I get this error running dbt deps. Am I missing something in the dockerfile to provide access to dbt_modules? I can't seem to find where it's located or what dbt_modules even is in the documentation. I've provided the code to several yml files. Thanks in advance
Traceback
2022-06-07 04:34:59.121970 (MainThread): Running with dbt=0.21.1
2022-06-07 04:34:59.972911 (MainThread): You have an incompatible version of 'pyarrow' installed (6.0.1), please install a version that adheres to: 'pyarrow<3.1.0,>=3.0.0; extra == "pandas"'
2022-06-07 04:35:00.477470 (MainThread): running dbt with arguments Namespace(cls=<class 'dbt.task.deps.DepsTask'>, debug=False, defer=None, log_cache_events=False, log_format='default', partial_parse=None, profile=None, profiles_dir='/home/airflow/.dbt', project_dir=None, record_timing_info=None, rpc_method='deps', single_threaded=False, state=None, strict=False, target=None, test_new_parser=False, use_cache=True, use_colors=None, use_experimental_parser=False, vars='{}', warn_error=False, which='deps', write_json=True)

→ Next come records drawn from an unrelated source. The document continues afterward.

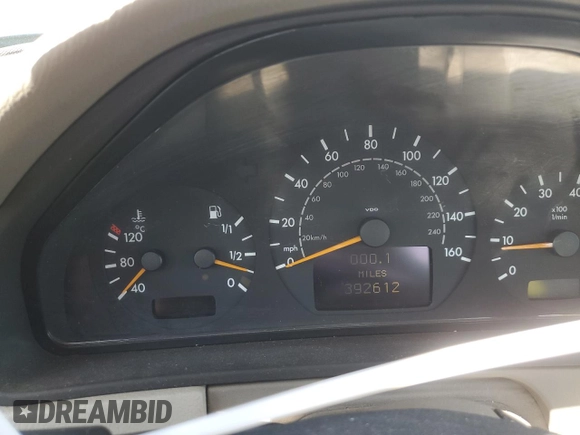 2000 Mercedes-Benz E-Class with VIN WDBJF65J1YB151080, listed as a Copart auction lot 54421955 with 392,612 mi miles and Salvage Title. Bid and sale history available at carsss.com. Image 9.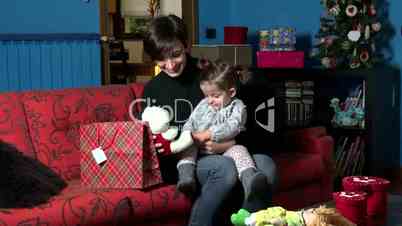 Happy Woman And Baby Girl Opening Present Gift For Christmas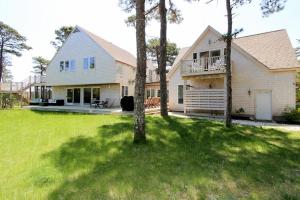 a large white house with a tree in the yard at Blackfish Bungalow in Wellfleet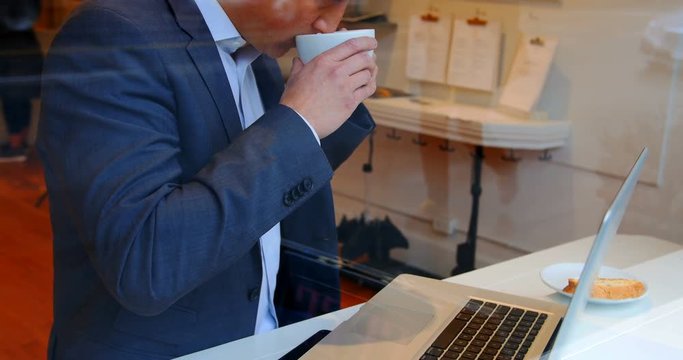 Businessman using laptop while having cup of coffee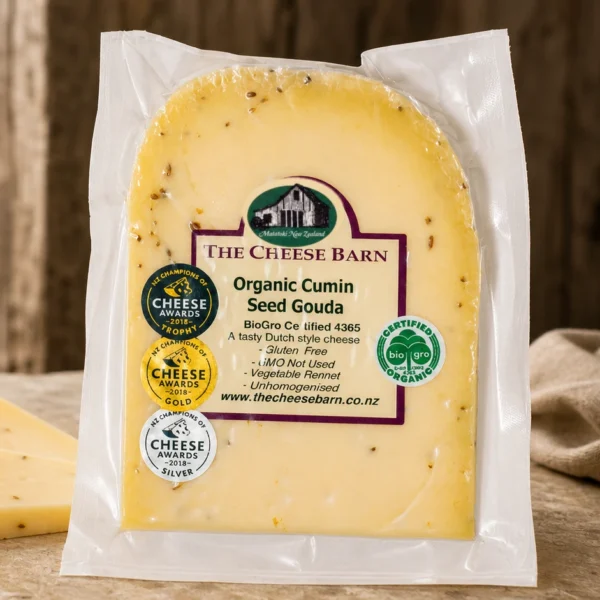 Organic Cumin Seed Gouda from The Cheese Barn at Matatoki, a tasty Dutch style certified organic gouda studded with cumin seed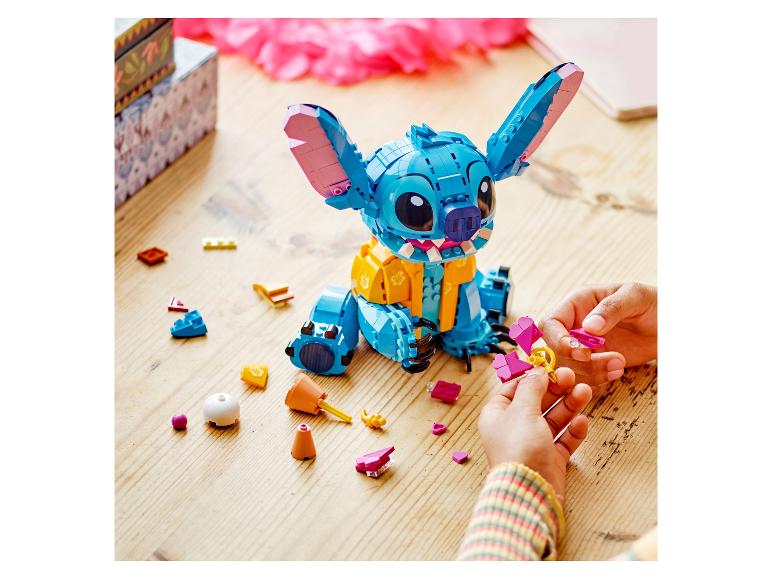 Enfant assemblant un jouet de construction Stitch en briques, avec des pièces éparpillées.
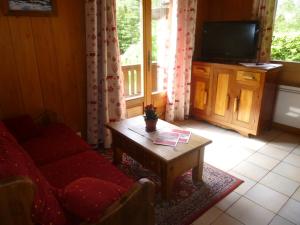 a living room with a couch and a tv and a table at Chalet * Lioutraz * in Chamonix-Mont-Blanc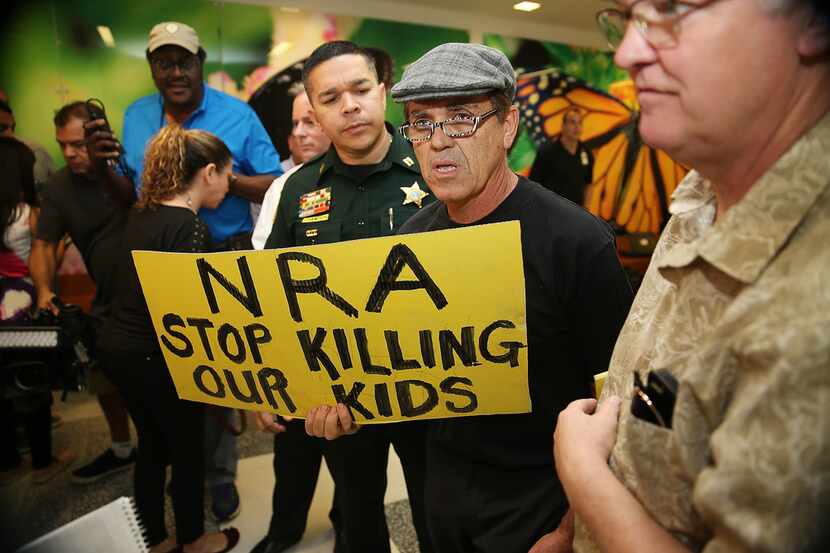 A protester holds a sign that reads, "NRA Stop Killing Our Kids," outside the courtroom...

2022-06-07 04:35:00.478141 (MainThread): Tracking: tracking
2022-06-07 04:35:00.478667 (MainThread): Sending event: {'category': 'dbt', 'action': 'invocation', 'label': 'start', 'context': [<snowplow_tracker.self_describing_json.SelfDescribingJson object at 0x7f2d0ddcee20>, <snowplow_tracker.self_describing_json.SelfDescribingJson object at 0x7f2d0ddce6d0>, <snowplow_tracker.self_describing_json.SelfDescribingJson object at 0x7f2d0de7d130>]}
2022-06-07 04:35:00.479294 (MainThread): Sending event: {'category': 'dbt', 'action': 'invocation', 'label': 'end', 'context': [<snowplow_tracker.self_describing_json.SelfDescribingJson object at 0x7f2d0ddcee20>, <snowplow_tracker.self_describing_json.SelfDescribingJson object at 0x7f2d0ddce6d0>, <snowplow_tracker.self_describing_json.SelfDescribingJson object at 0x7f2d0de7d130>]}
2022-06-07 04:35:00.479750 (MainThread): Flushing usage events
2022-06-07 04:35:00.913755 (MainThread): Encountered an error:
2022-06-07 04:35:00.914481 (MainThread): [Errno 13] Permission denied: 'dbt_modules'
2022-06-07 04:35:00.916934 (MainThread): Traceback (most recent call last):
File "/home/airflow/.local/lib/python3.8/site-packages/dbt/main.py", line 127, in main
results, succeeded = handle_and_check(args)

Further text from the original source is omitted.